▶ Exercise aim
Reproduce each record verbatim, images excluded.

▶ Data shown
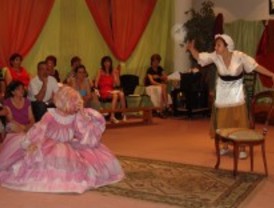 200 plazas para hacer teatro en Alcorcón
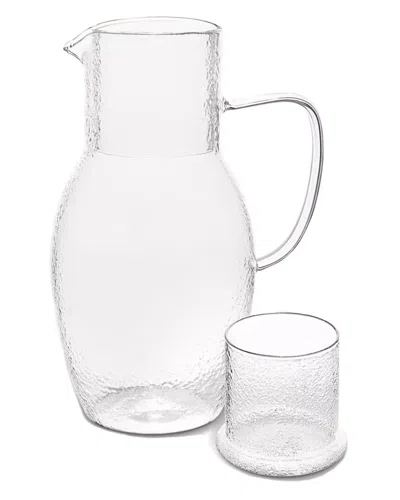 ELLE ELLE BEDROOM PITCHER & GLASS SET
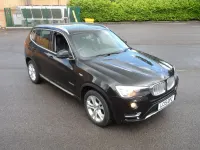 Used BMW X3 xLine 2015 SUV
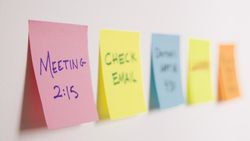 Setting and Managing Priorities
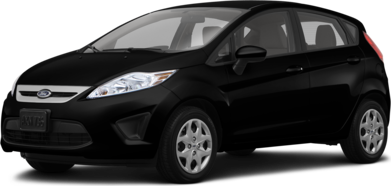 Ford Fiesta S Hatchback 4D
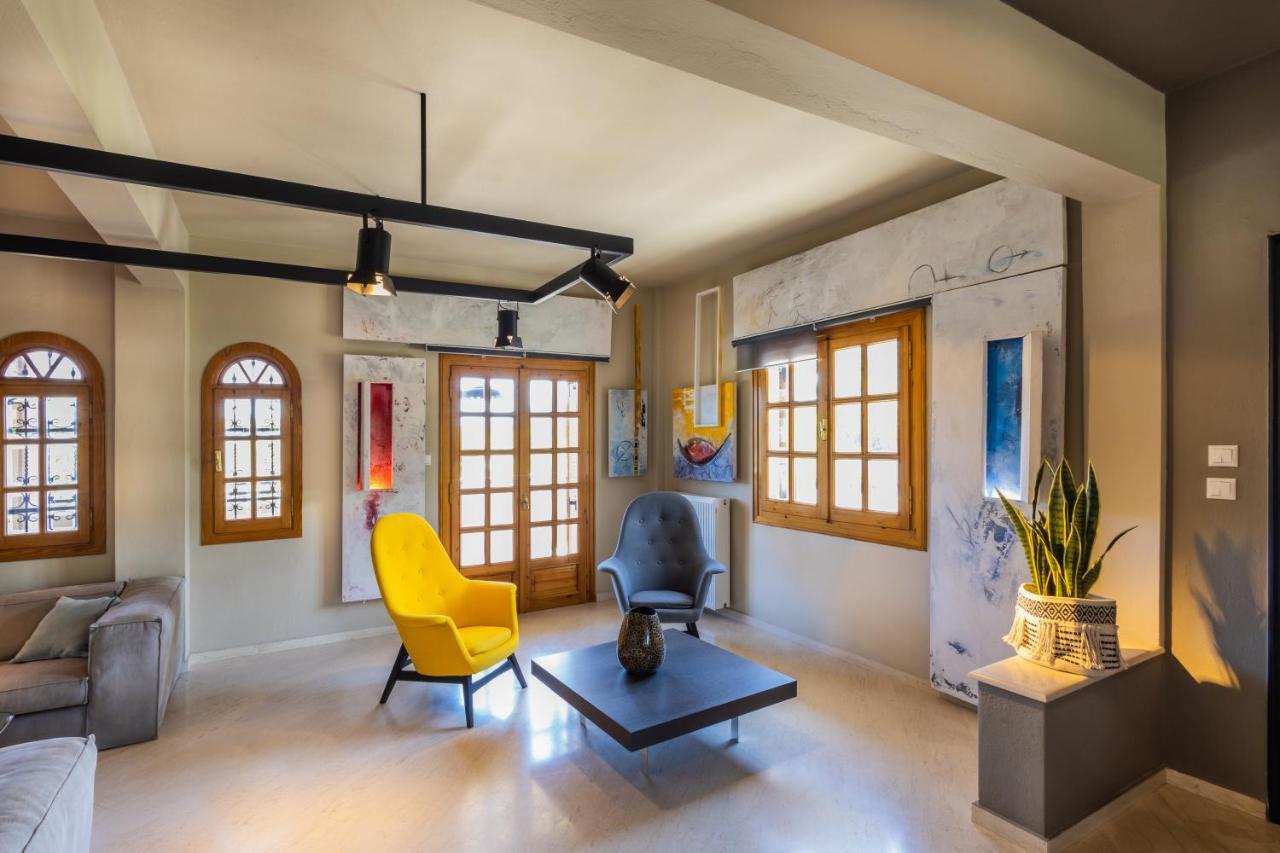 Villa Elisabeth Platamon Dış mekan fotoğraf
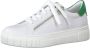 Marco Tozzi Sneakers met extra ritssluiting - Thumbnail 2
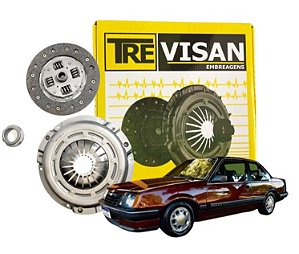 Kit de Embreagem Monza 1.6/1.8/2.0 1989 1990 1991 1992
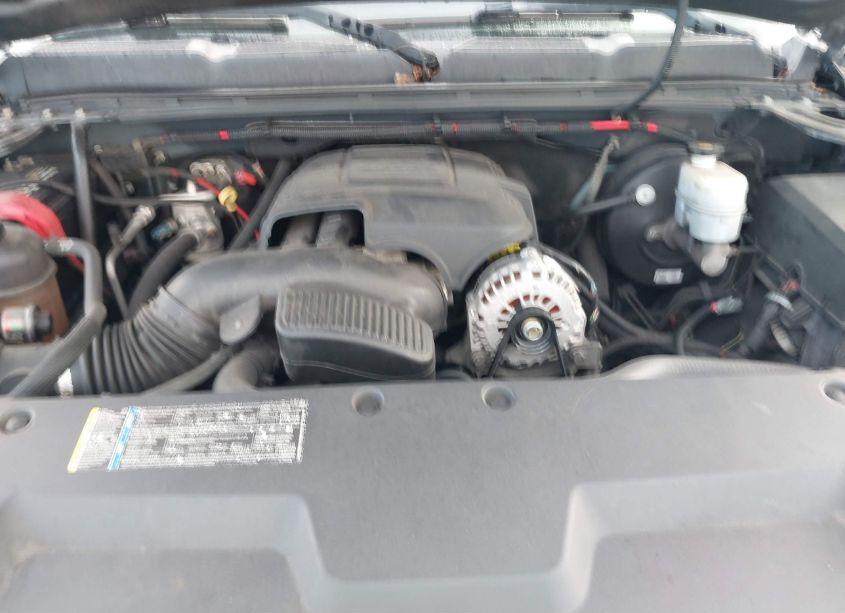 Photo 10 of 2007 Chevrolet Silverado 1500 LT1 (VIN 2GCEK19JX71717215)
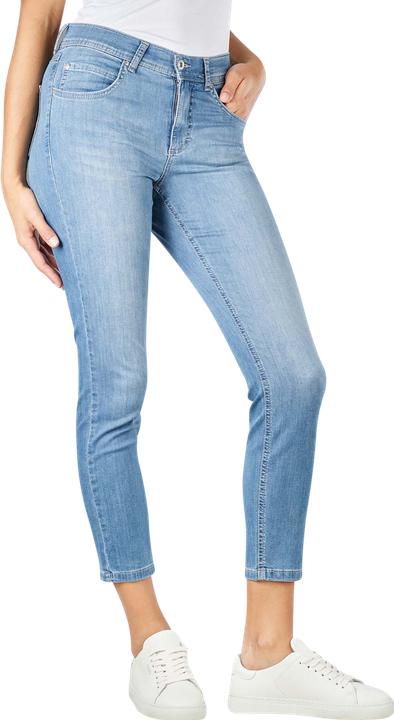 Immagine prodotto Angels Ornella Jeans Slim azzurro usato (32)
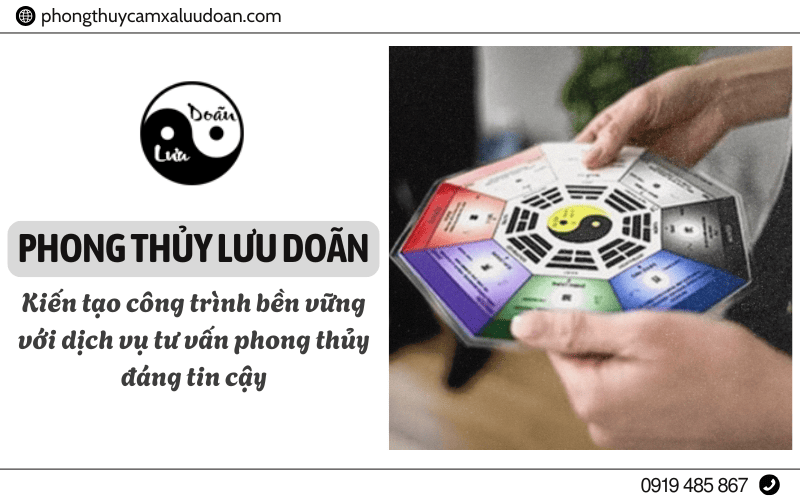 cảm xạ phong thủy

▶ Response box
 200 plazas para hacer teatro en Alcorcón
 ELLE ELLE BEDROOM PITCHER & GLASS SET
 Used BMW X3 xLine 2015 SUV
 Setting and Managing Priorities
 Ford Fiesta S Hatchback 4D
 Villa Elisabeth Platamon Dış mekan fotoğraf
 Marco Tozzi Sneakers met extra ritssluiting - Thumbnail 2
 Kit de Embreagem Monza 1.6/1.8/2.0 1989 1990 1991 1992
 Photo 10 of 2007 Chevrolet Silverado 1500 LT1 (VIN 2GCEK19JX71717215)
 Immagine prodotto Angels Ornella Jeans Slim azzurro usato (32)
 cảm xạ phong thủy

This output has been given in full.